Pandemic possibilities
Scientists tell Congress flu epidemic is imminent

(Gold9472: Why isn't a story like this on the mainstream?)

By Mike Lillis, Medill News Service
Last Update: 3:30 PM ET May 27, 2005

WASHINGTON --- The doomsday scenario goes something like this: Somewhere in Asia, a new strain of the influenza virus arises from a mutation. It passes from a duck to a duck vendor. The mutation allows it to jump easily between the vendor and shoppers, some of whom hop on planes the next day. Several days later, the virus is spread around the globe.

Within months, millions are dead.

Hardly a figment of science fiction, the next flu pandemic -- or global epidemic -- is not only inevitable but also imminent, scientists told lawmakers Thursday on Capitol Hill. On top of that, America is nowhere near ready to tackle it.

"The United States is at present woefully unprepared to respond to the next flu pandemic," said Andrew Pavia, chair of the Task Force on Pandemic Influenza for the Infectious Disease Society of America. "The recent shortage of flu vaccine highlights the fragility of our vaccine supply."

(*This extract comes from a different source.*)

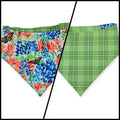 Indian Paintbrush & Bluebonnet/Green Plaid Reversible Slip-on Scrunchie Bandana (Large)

And it's not only vaccines that are lacking. The U.S. government has purchased only 2.3 million doses of the antiviral drug best proven to treat influenza sufferers -- a stockpile representing less than 1% of the population.

"It is a painfully small amount to have to use," Pavia said.

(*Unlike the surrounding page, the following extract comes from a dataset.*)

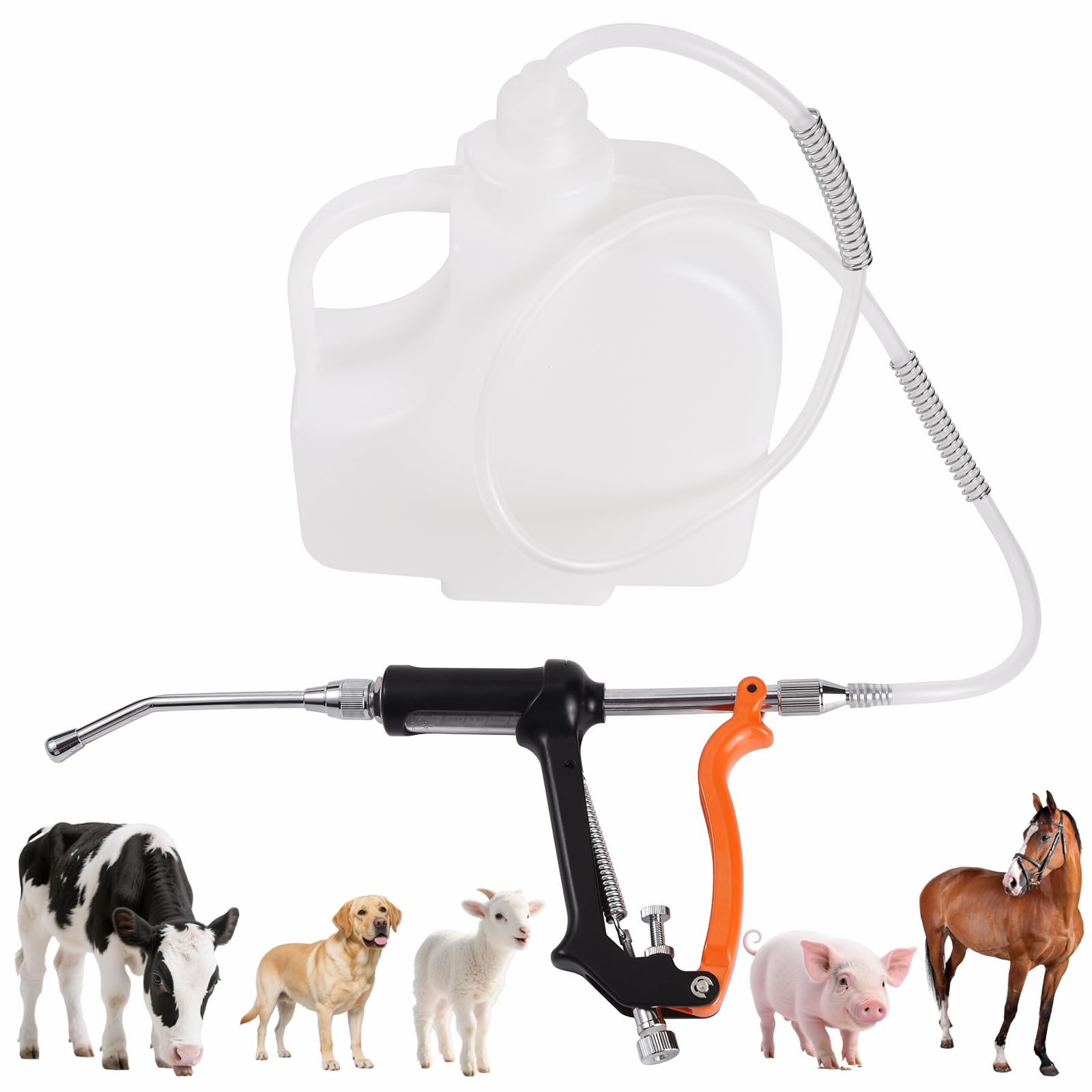 Photo 1 of 30ML Veterinary Metal Feeding Gun, Continuous Drench Gun Dosing Device Veterinary Adjustable Medicine Dispenser Husbandry Autonomous Feeding Tool, Pig Cattle, Sheep, Horse for Drench Gun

The gravity of the threat, for years recognized by pathologists, is now finding ears in Washington, where federal funding earmarked for monitoring and researching a potential flu pandemic has increased dramatically in recent years. Still, most agree there is a long way to go.

U.S. Rep. Tammy Baldwin, D-Wis., said the concern is not just one of biological science but also public awareness and community cooperation. In the case of an outbreak, she said, "the chain will only be as strong as the weakest link."

Three flu pandemics struck in the last century. From 1918-19, the so-called Spanish flu killed an estimated 50 million worldwide, 500,000 in the U.S. alone, according to figures from the Centers of Disease Control and Prevention. From 1957-58, about 70,000 Americans died from the Asian flu. The Hong Kong flu, which followed in 1968-69, killed about 34,000 more.

CDC Director Julie Gerberding said that three major factors are common to all flu pandemics:

The virus must contain a mutated structure to which humans have not been exposed and therefore are not immune

It must make people sick

It must be readily passed from person to person

Though no pandemic has struck in 36 years, scientists and lawmakers are worried that a highly pathological strain circulating in Asia for the last few years has the potential to evolve into the next big killer. That strain, called the avian flu, satisfies the first two criteria but not the third. Still, officials warn that the contagious trait is just a mutation away.

If they are right, the effects would be catastrophic.

A pandemic of the same severity as the 1918 outbreak could kill between 900,000 and 2.2 million in the U.S. alone, according to CDC estimates. The cost of treatment, officials add, would run into the hundreds of billions of dollars.

"The impact of a pandemic influenza outbreak cannot be overemphasized," Pavia said.

In the world of biomedicine, viral mutations take on several faces. "Drifts" are minor mutations in viral structure -- the reason people need to update their flu shots each year. Viral "shifts," on the other hand, are major mutations that can lead to pandemics.

Though the only reported cases of the avian flu have occurred in Asia, the ease of global travel makes the threat an international one. Gerberding said that China -- with a population of 1.3 billion people, 13 billion chickens and 500 million swine -- is a volcano waiting to burst.

"We're sitting on a cauldron of flu virus incubation," she said.

All parties agree that the country's ability to handle such an event hinges directly on what Washington does in anticipation.

"It's imperative that we move quickly and decisively," Baldwin said. "We have some catching up to do."